Metropolis (2001) di Rintarō è un lungometraggio animato nipponico, ispirato al classico della cinematografia omonimo del 1927.
Come la maggior parte dei prodotti di questo tipo, ebbe un costo sostanzioso (¥1.5 miliardi) e un incasso misero (¥ 100 in Giappone e 4 milioni di dollari in tutto il mondo).
Di cosa parla Metropolis?
Il giovane Kenichi e lo zio Shunsaku Ban sono sulle tracce in uno scienziato criminale, che sembra coinvolto in uno strano progetto che ha come mandante il misterioso Duke Red…
Vi lascio il trailer per farvi un’idea:
Vale la pena di vedere Metropolis?
Assolutamente sì.
Oltre a racchiudere al suo interno concetti di grande interesse e profondità, Metropolis riesce anche ad essere una pellicola piacevolissima, con una costruzione intrigante e una regia piena di fascino.

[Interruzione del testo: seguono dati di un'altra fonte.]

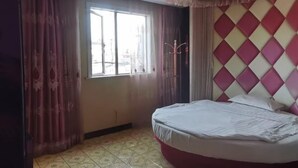 Une chambre à coucher avec un lit, une fenêtre, des rideaux et un mur décoré de motifs.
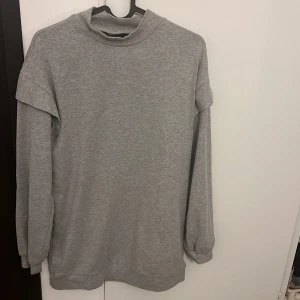 Grå sweatshirt med hög krage - En enkel och stilren grå sweatshirt med hög krage och långa ärmar. Tröjan har en loose passform och är tillverkad i mjuk bomullsmix, perfekt för chill dagar. Snygga detaljer vid axlarna ger en modern touch.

Si viene infatti facilmente coinvolti in dinamiche anche piuttosto semplici, ma in una costruzione della storia e della mitologia davvero avvincenti.
Un recupero obbligato.
Vivere di contrasti
Metropolis è una pellicola che vive di contrasti.
Lo stile di animazione è piuttosto peculiare, e sembra molto più tipico di prodotti rivolti ad un pubblico infantile – per certi versi mi hanno ricordato i disegni del classico per ragazzi Tintin.
Tuttavia, la regia e l’animazione sono in questo senso davvero sorprendenti, riuscendo a mettere in contrasto la delicatezza dei disegni dei protagonisti con la crudezza dei temi trattati.
Non mancano infatti diverse scene di morte e violenza, anche piuttosto esplicite – fra tutte la morte di Pero, con la testa spappolata per terra. E così, più in generale, la trattazione dei robot, uccisi continuamente senza pietà e trattati alla stregua di schiavi.
Un contrasto piuttosto peculiare, che non mi aspettavo.
Una regia sorprendente
La regia è stato l’elemento forse più sorprendente della pellicola.
Una messinscena piuttosto variegata, che gioca molto sui già detti contrasti, con un uso magistrale delle luci e della costruzione della tensione. Particolarmente avvincente sono le scene di duello, con piccoli tocchi registici che riescono a tenere per tutto il tempo col fiato sospeso.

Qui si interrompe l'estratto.